New Mexico Supreme Court Vacates Two Remaining Death Sentences

(CN) – A divided New Mexico Supreme Court Friday set aside the death sentences of the last two men awaiting execution in the state, ruling that the penalties were disproportionate in comparison to sentences in similar murder cases. 

 The death penalty was abolished in New Mexico in 2009, but the death sentences of Timothy Allen and Robert Fry remained in place, because they were convicted and sentenced years before the change.

Allen and Fry were sentenced under a New Mexico law that requires the state’s highest court to review “comparative proportionality” in capital punishment cases.

State lawmakers adopted the 1976 law to ensure that the death penalty was not being imposed in ways that would violate inmates’ constitutional protections against cruel and unusual punishment.

Writing for the majority Friday, New Mexico Supreme Court Justice Barbara J. Vigil said justices found “no meaningful distinction” between the circumstances of Allen and Fry’s cases and those of similar murder cases. 
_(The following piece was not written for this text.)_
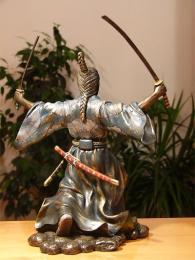 Potężny samuraj z dwoma mieczami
“The absence of such a distinction renders the ultimate penalty of death contrary to the people’s mandate that the sentence be proportionate to the penalties imposed in similar cases,” Vigil said in the 147-page opinion

Retired Justices Edward L. Chávez and Charles W. Daniels joined the majority decision, which did not address concerns over potential violations to Allen and Fry’s constitutional rights.

Daniels wrote in a concurring opinion that “equally culpable” defendants in murder cases escaped the death penalty, adding that New Mexico has not imposed the death penalty in a “proportionate” way. 
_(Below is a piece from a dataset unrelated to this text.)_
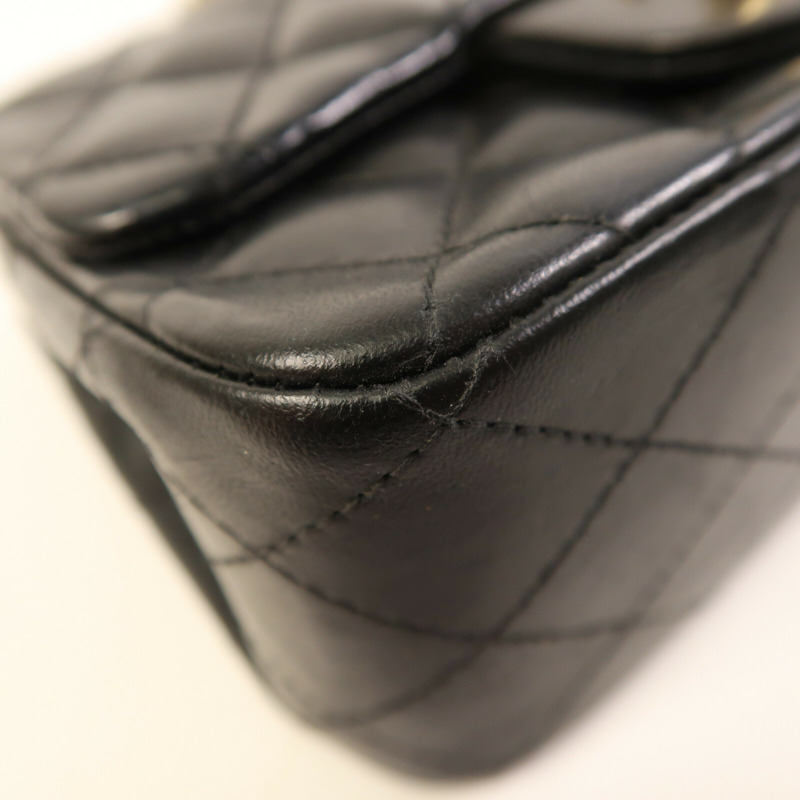 CHANEL 羊皮皮革Mini Classic 17金扣鏈帶肩背袋-5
“A killer’s crimes reflect who he is,” Daniels said. “What we do to the killer reflects who we are.” 

Chief Justice Judith K. Nakamura wrote in the dissenting opinion that the majority misinterpreted the law. 

“The Majority misstates the governing law and has done what our Legislature would not: repeal the death penalty in its entirety for all defendants in New Mexico,” said Nakamura, who was joined in dissent by retired Justice Petra Jimenez Maes. “They perceive in the language authority to conclude that, because so few offenders in New Mexico have ever been sentenced to die, no offenders shall ever again be sentenced to die in New Mexico.” 

Daniels, Chavez and Maes were on the bench when Allen and Fry brought their legal challenge more than five years ago.

Allen, 55, was sentenced to death for kidnapping, attempted rape and murdering 17-year-old Sandra Phillips in 1994. Fry received the death penalty for the murder of Betty Lee in 2000.

The men will now be eligible for parole after serving 30 years under life imprisonment sentences. However, if paroled, both would immediately serve sentences for other convictions. Fry will never be eligible for release from prison, because he faces 120 years for life sentences of three murder convictions in 1996 and 1998.

Juries in New Mexico imposed a death sentence in 15 cases between 1979 and 2007. Of the 12 that were eventually vacated, seven were reversed on appeal, and five were commuted in 1986 by then-Governor Toney Anaya.